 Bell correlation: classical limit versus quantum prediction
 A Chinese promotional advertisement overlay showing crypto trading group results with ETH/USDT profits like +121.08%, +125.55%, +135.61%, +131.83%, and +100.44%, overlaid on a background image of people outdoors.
• • • •
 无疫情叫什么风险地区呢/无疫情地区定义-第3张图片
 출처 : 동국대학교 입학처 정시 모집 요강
• • • •
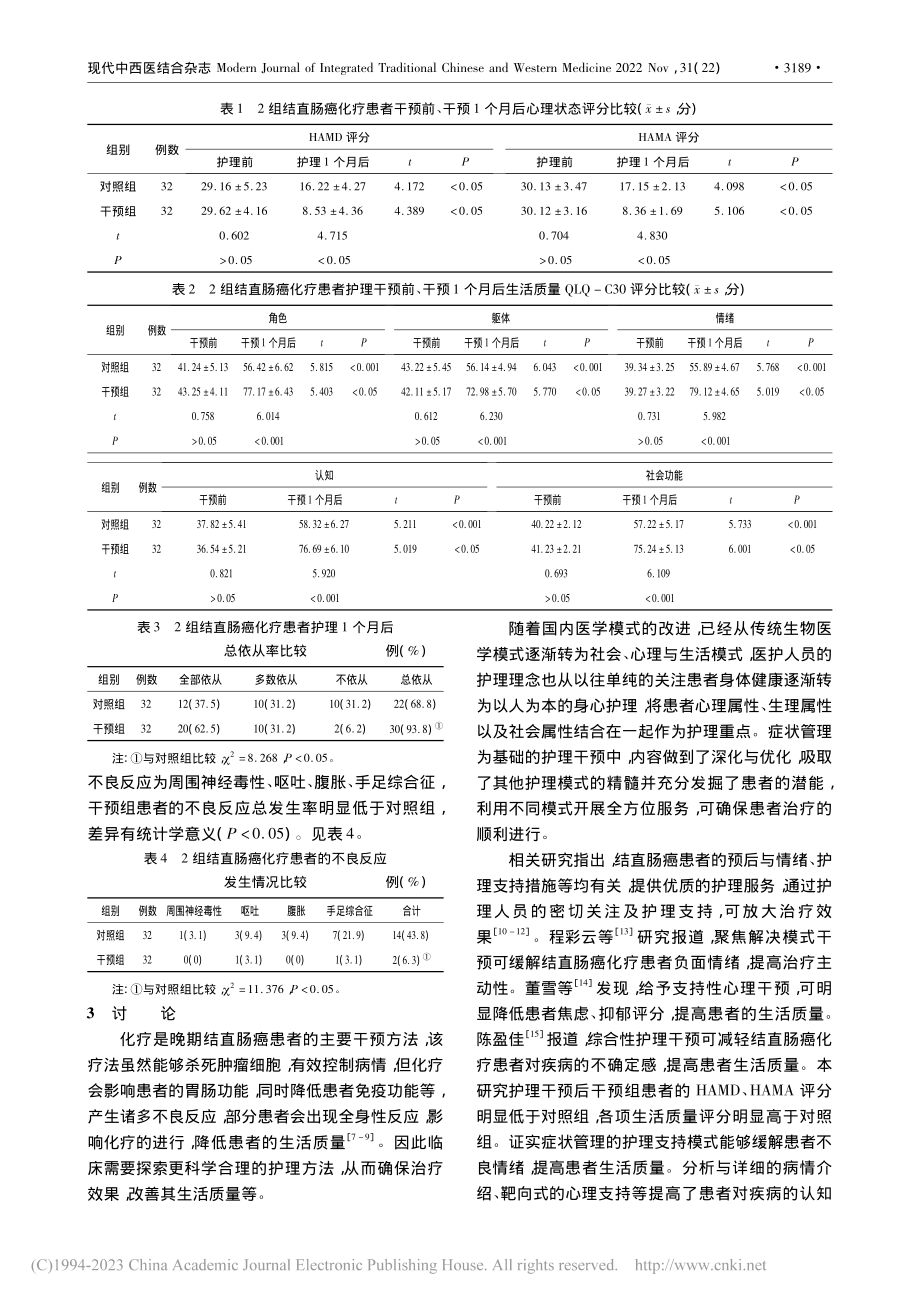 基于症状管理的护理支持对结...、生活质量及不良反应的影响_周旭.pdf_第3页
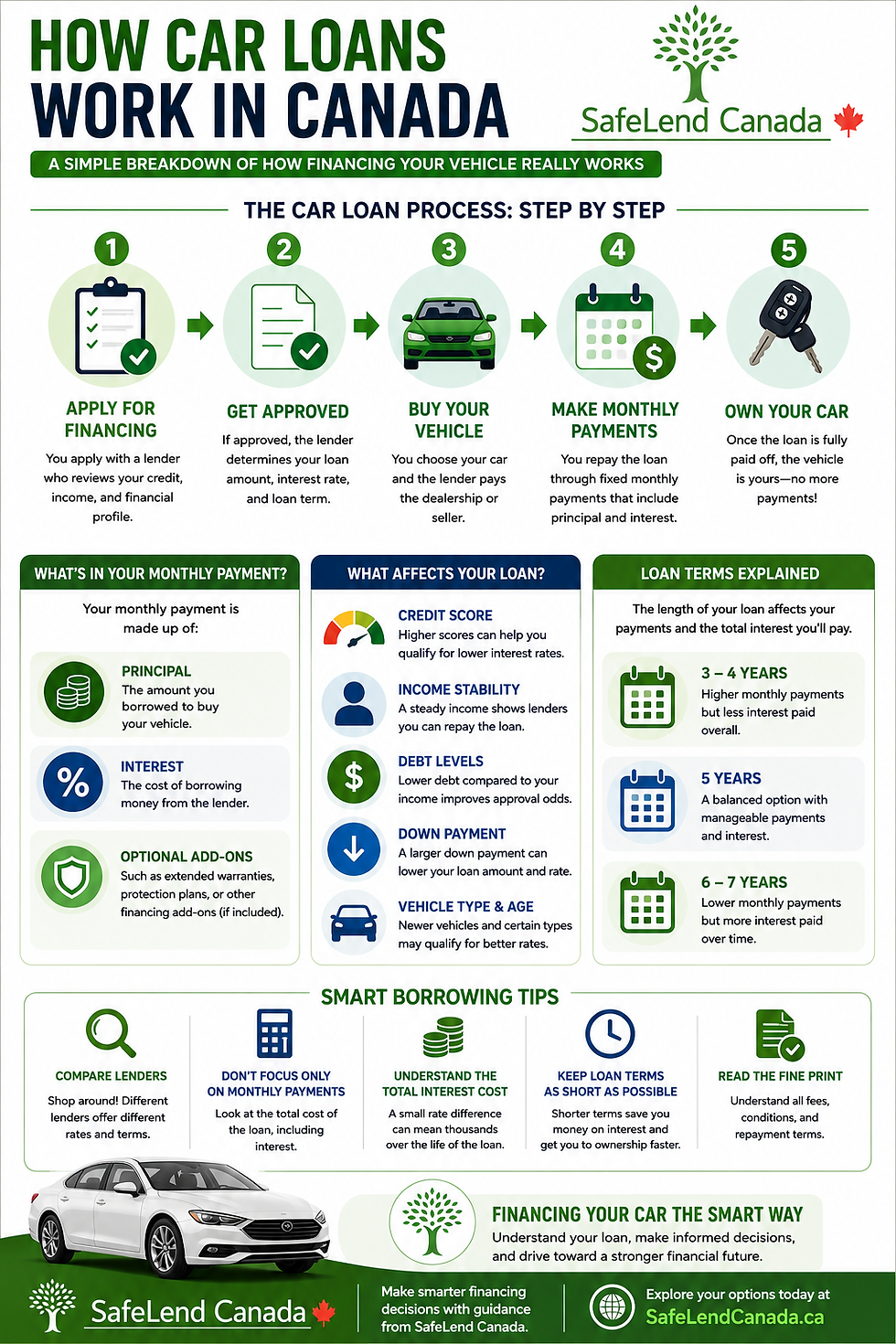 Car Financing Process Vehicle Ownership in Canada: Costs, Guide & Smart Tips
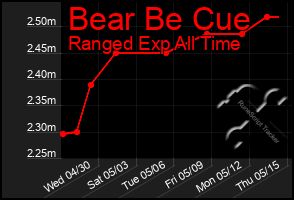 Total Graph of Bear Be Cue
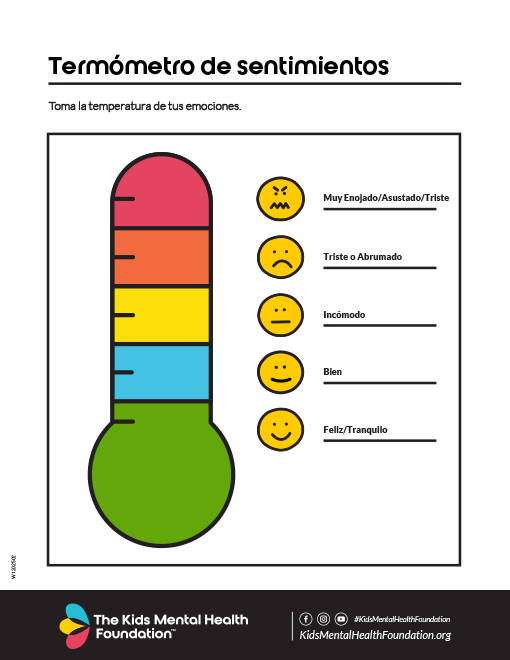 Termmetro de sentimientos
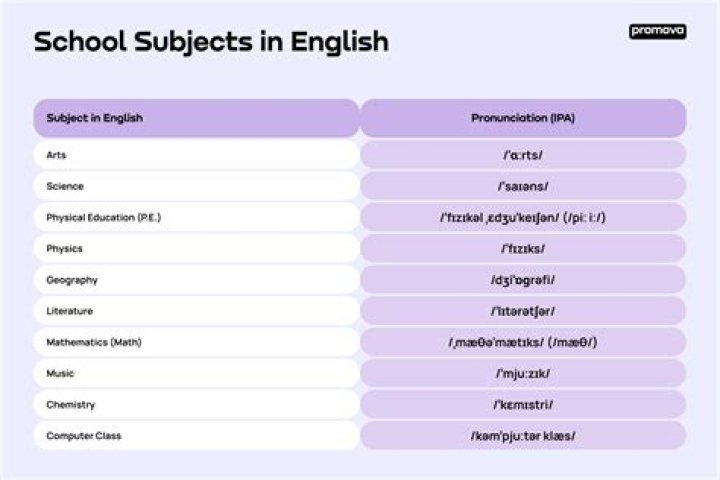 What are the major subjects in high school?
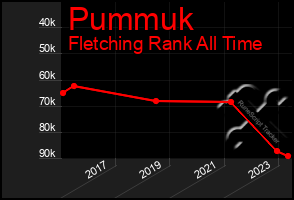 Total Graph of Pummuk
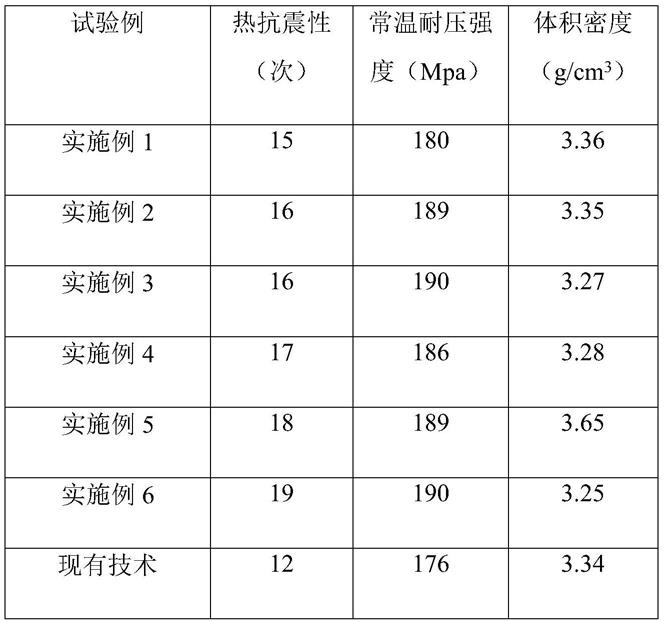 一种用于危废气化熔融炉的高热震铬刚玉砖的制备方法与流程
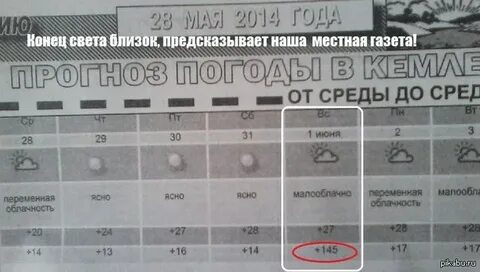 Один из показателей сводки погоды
• • • •
TASK BRIEF :: Starting with the line with "Bell correlation: classical" above and going on through the line with "A Chinese promotional", transcribe every line exactly, both ends included, and add nothing.

WRITTEN RESPONSE ::
 Bell correlation: classical limit versus quantum prediction
 A Chinese promotional advertisement overlay showing crypto trading group results with ETH/USDT profits like +121.08%, +125.55%, +135.61%, +131.83%, and +100.44%, overlaid on a background image of people outdoors.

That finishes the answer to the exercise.